Furthermore, in the future, particularly for specific experimental needs where more than three states need to be classified, our model is highly customizable. By modifying the units parameter of the output dense layer at the end of the model, it is possible to apply this model to other wider ranges of classification. In an ongoing study, we are applying this model to human clinical PSG datasets and classifying them into five states (NREM1, NREM2, NREM3, REM, and WAKE). The results so far are promising. Subsequently, for example, there is also the need for research to classify the middle transition state between two pure states. As the transition states are quite small in volume, we assume that the generation of fake data of certain transition states using our GAN model may promote performance if those transition states are recognized and labeled.

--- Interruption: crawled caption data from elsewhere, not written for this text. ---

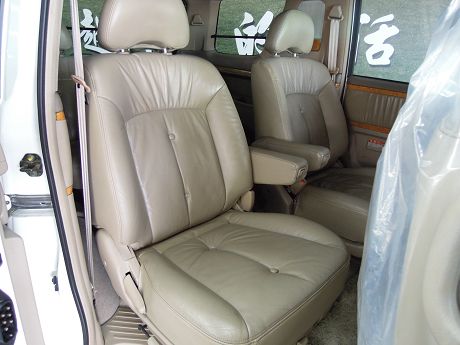 Nissan 日產 Serena QRV 照片6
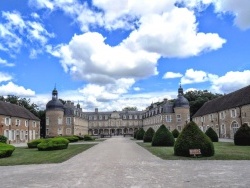 Photo paysage et monuments, Pierre-de-Bresse - Château de Pierre de Bresse,mai 2019.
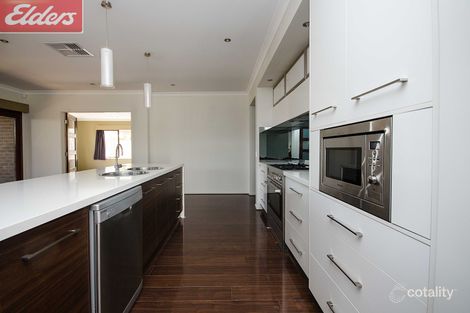 Property photo of 30 Victoria Cross Parade Wodonga VIC 3690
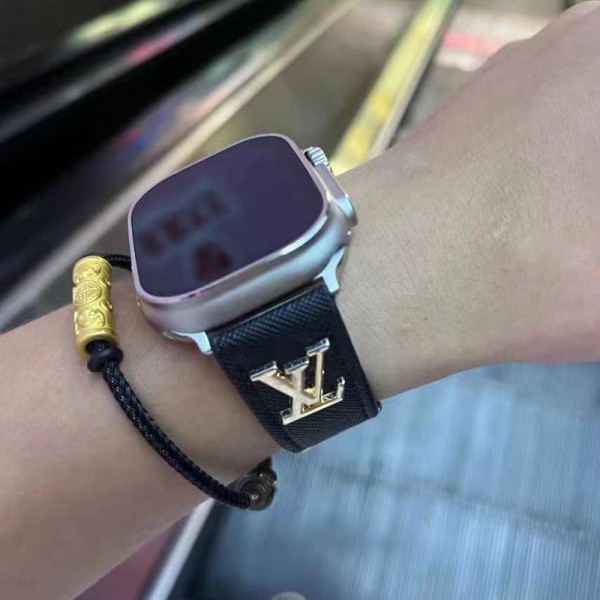 LV/ルイヴィトン ブランド アップルウォッチ8/SE2/Ultra/7バンド かわいい モノグラム 黒色 レザー製 Apple Watch 8/se2/ultra/7/se/6/5/4/3/2ベルト 腕時計 ストラップ 高級 人気 メンズ レディース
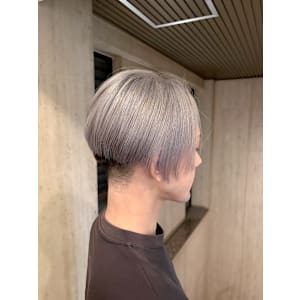 前下がりセンターパート/ホワイトシルバー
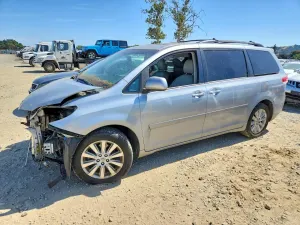 Toyota Sienna 3.5L 6 2014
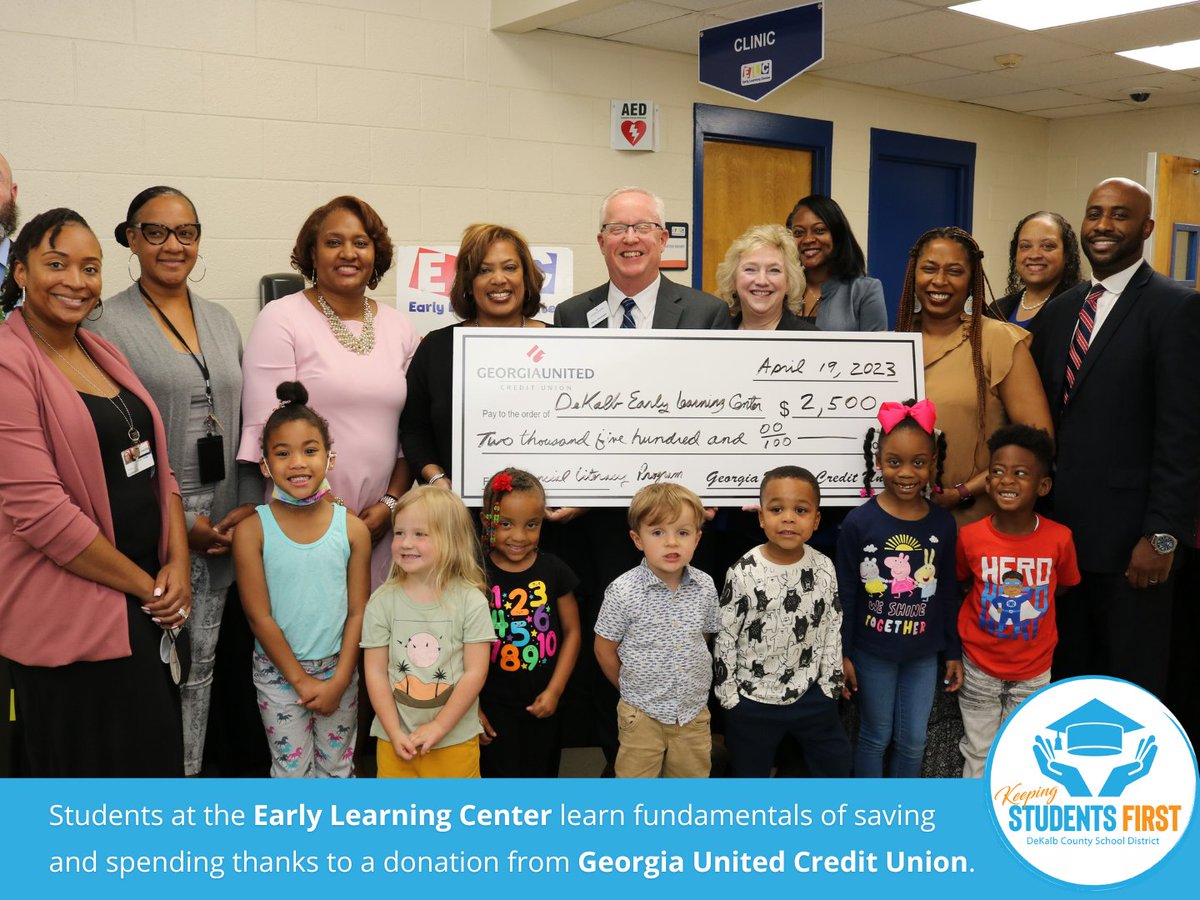 DeKalbSchools's tweet photo. #DCSD students at the Early Learning Center learn fundamentals of saving &amp; spending thanks to a $2,500 GUCU donation! 😊 The donation will support the school’s first Financial Literacy Week (May 15-19).  #DCSDNews: https://t.co/CtFUdEy8ci.

#iLoveDCSD💙🧡  #KeepingStudents1st🥇 https://t.co/uIrIrwSghL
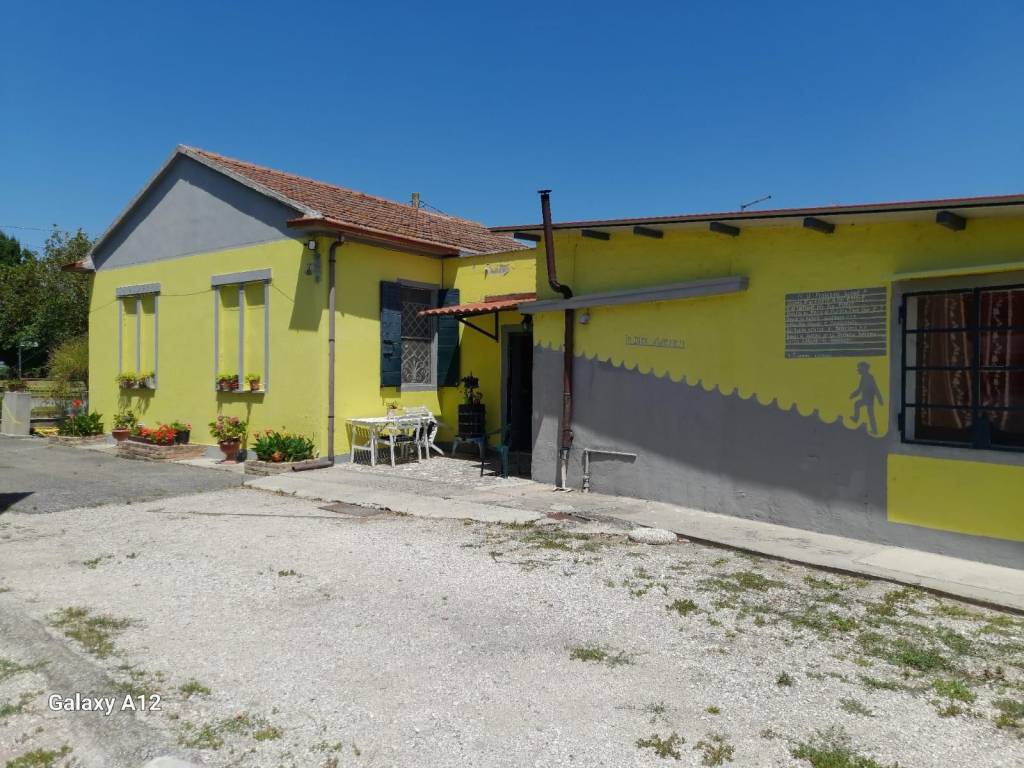 casa indipendente in vendita a Ravenna in zona San Pietro in Vincoli
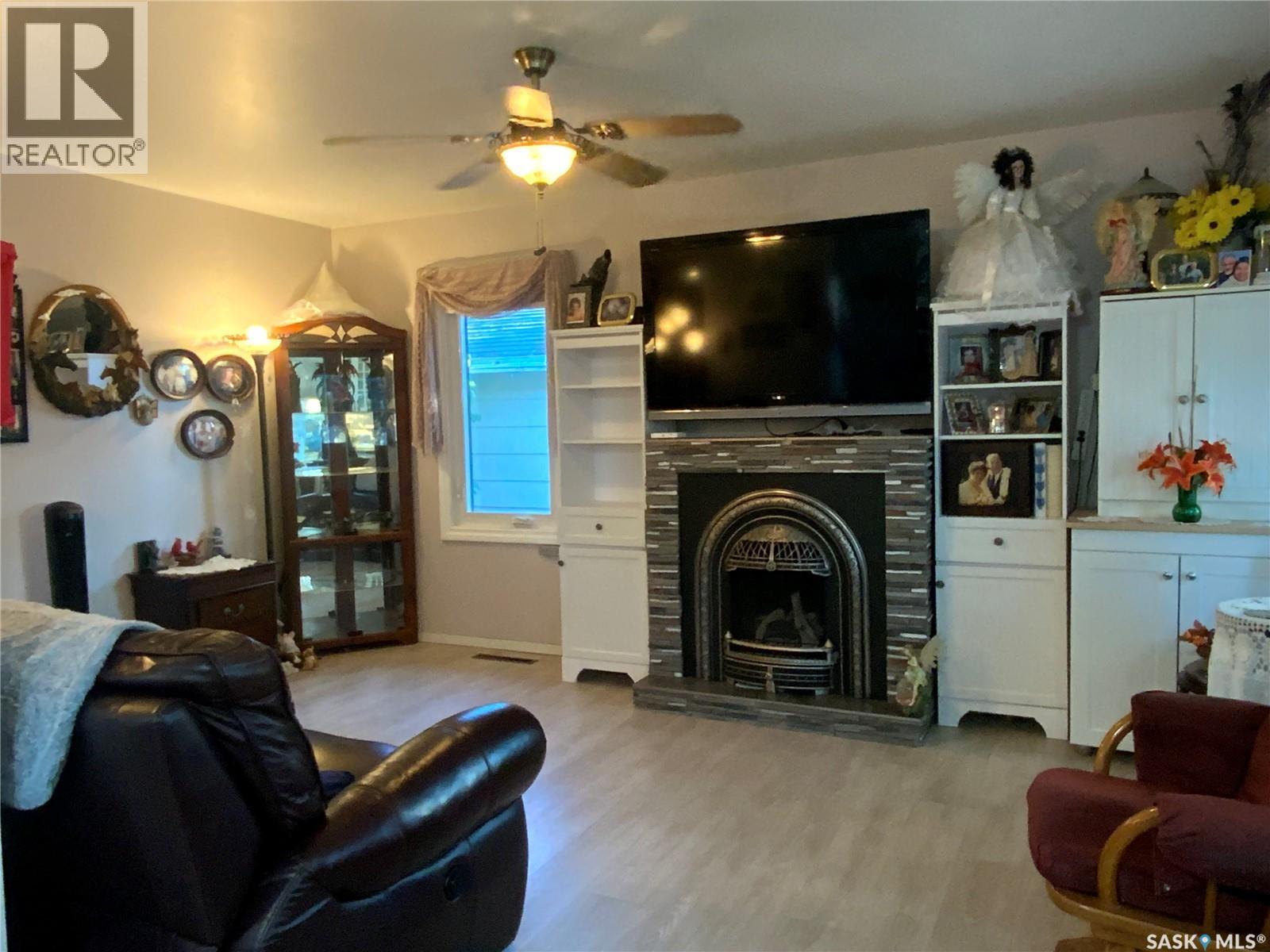 319 Simpson Street, Outlook, Saskatchewan  S0L 2N0 - Photo 10 - SK020938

Our method does have some limitations. First, a priori knowledge is required to design images. Second, producing images is initially time consuming. In the case of our dataset, we used EMG and EEG signals of almost the same size. However, the ratio of sizes can be changed, which will affect accuracy. Nevertheless, to change the ratio, ensuring that all datasets contain all images for all epochs is required, a process that is time consuming and laborious. Despite these limitations, we believe that our novel algorithm will provide a versatile tool for future research in many fields. Third, a crucial point that needs to be resolved is the unquantified effect of EEG artifacts within the recording. In this study, we used a clear dataset with very few artifacts or noises (Tsukuba-14). Therefore, potential users should be aware of the fact that the performance against noise and artifacts needs to be experimented with in follow-up studies with other datasets containing artifacts. For the next step, we plan to artificially add random noise into the data to examine the artifact condition. As mentioned in the Materials and Methods section, some EEG artifacts featured within the recording could be absorbed by the model with the FFT as many artifacts occur during the wake stage and show an apparent low frequency. We expect that our model will be robust to those artifacts, but this should be examined in each dataset.